Although he testified he walked home from the second bar because Drish had made him feel uncomfortable, the order notes that Sears' suit alleges Drish, who it refers to as an agent, servant and employee of Pap's Tap, ejected him from the vehicle.

Both Pap's Tap and Drish filed motions for summary judgment, saying Sears' claims fall under the Liquor Control Act because they are based on alcohol.

In November 2013, Egan, the trial judge, agreed and granted the defendants' motions, entering judgment in their favor. She further explained Sears' claims were barred because he was the intoxicated person and were brought after the one year period of statute of limitations.

The trial judge also determined that Sears failed to prove Drish ejected him from his car, Drish was not an agent of Pap's Tap, the defendants had a duty to give him a ride home or that they engaged in a voluntary undertaking giving rise to a duty.

Although they believed Egan "relied on an incorrect premise" by applying Sears' suit to the Liquor Control Act even though he "brought tort claims sounding in negligence," the First District justices affirmed her ruling, granting summary judgment to the defendants.
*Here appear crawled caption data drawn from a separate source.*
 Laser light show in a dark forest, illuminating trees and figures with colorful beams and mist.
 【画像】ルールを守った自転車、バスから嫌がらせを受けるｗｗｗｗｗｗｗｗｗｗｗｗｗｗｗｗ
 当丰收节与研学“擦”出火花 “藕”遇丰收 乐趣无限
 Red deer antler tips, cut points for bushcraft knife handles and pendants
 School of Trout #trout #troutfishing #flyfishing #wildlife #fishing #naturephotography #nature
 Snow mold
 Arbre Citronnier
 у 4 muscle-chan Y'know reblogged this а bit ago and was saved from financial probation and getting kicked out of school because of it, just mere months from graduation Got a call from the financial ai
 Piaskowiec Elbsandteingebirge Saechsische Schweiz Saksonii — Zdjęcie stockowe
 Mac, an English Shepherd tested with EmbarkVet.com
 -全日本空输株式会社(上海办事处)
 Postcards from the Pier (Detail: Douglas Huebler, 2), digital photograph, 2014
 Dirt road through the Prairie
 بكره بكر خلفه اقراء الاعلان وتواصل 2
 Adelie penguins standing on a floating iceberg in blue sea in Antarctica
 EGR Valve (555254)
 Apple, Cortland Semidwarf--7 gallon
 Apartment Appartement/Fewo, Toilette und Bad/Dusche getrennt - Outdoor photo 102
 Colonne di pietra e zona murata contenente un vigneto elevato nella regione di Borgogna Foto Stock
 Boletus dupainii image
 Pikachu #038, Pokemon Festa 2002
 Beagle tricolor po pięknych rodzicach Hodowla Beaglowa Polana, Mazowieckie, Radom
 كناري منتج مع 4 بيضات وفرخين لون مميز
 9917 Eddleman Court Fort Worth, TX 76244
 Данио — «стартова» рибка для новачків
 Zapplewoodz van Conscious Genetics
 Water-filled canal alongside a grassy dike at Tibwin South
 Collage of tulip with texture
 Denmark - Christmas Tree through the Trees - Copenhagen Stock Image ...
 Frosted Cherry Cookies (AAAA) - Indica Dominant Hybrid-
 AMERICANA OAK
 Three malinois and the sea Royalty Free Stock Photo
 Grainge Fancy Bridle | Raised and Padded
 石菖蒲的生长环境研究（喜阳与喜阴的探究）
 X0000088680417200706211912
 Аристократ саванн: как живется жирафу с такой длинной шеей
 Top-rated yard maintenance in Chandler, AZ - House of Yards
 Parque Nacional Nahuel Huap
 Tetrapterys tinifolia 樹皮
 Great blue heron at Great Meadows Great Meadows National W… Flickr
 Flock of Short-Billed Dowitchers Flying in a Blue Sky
The panel held that Sears' alcohol-related claims aren't valid tort claims under Illinois law because 1) he didn't allege his injury occurred at Pap's Tap given that it happened after he left the second bar and 2) because he was not exposed to danger by Pap's Tap or one of its employees, as he made the decision to decline his friend's offer for a ride home and leave.

On top of determining those claims aren't valid tort claims, the justices further determined "that Sears’s common-law claims are preempted by the [Liquor Control] Act and that we are thus precluded from recognizing the validity of these claims."

The panel also rejected Sears' contention Drish was an agent of Pap's Tap and that he was acting within the scope of his relationship with the bar on Dec. 21, 2008, saying he forfeited the issue by failing to provide the court with any arguments.

And because that issue was central to effort to hold the bar liable, Delort wrote "Sears cannot establish Paps Taps liability for Drish's actions."

Forfeiture aside, the panel said Sears' claims still would have failed because his argument that Drish was an agent because he's been friends with the owner for 40 years, has volunteered there, made bank deposits, taken inventory and maintained the bar's Facebook page were either "not persuasive" or supported by the record.

Based on its finding that Drish was not an agent of Pap's Tap, the justices said Sears' voluntary undertaking claim must also fail.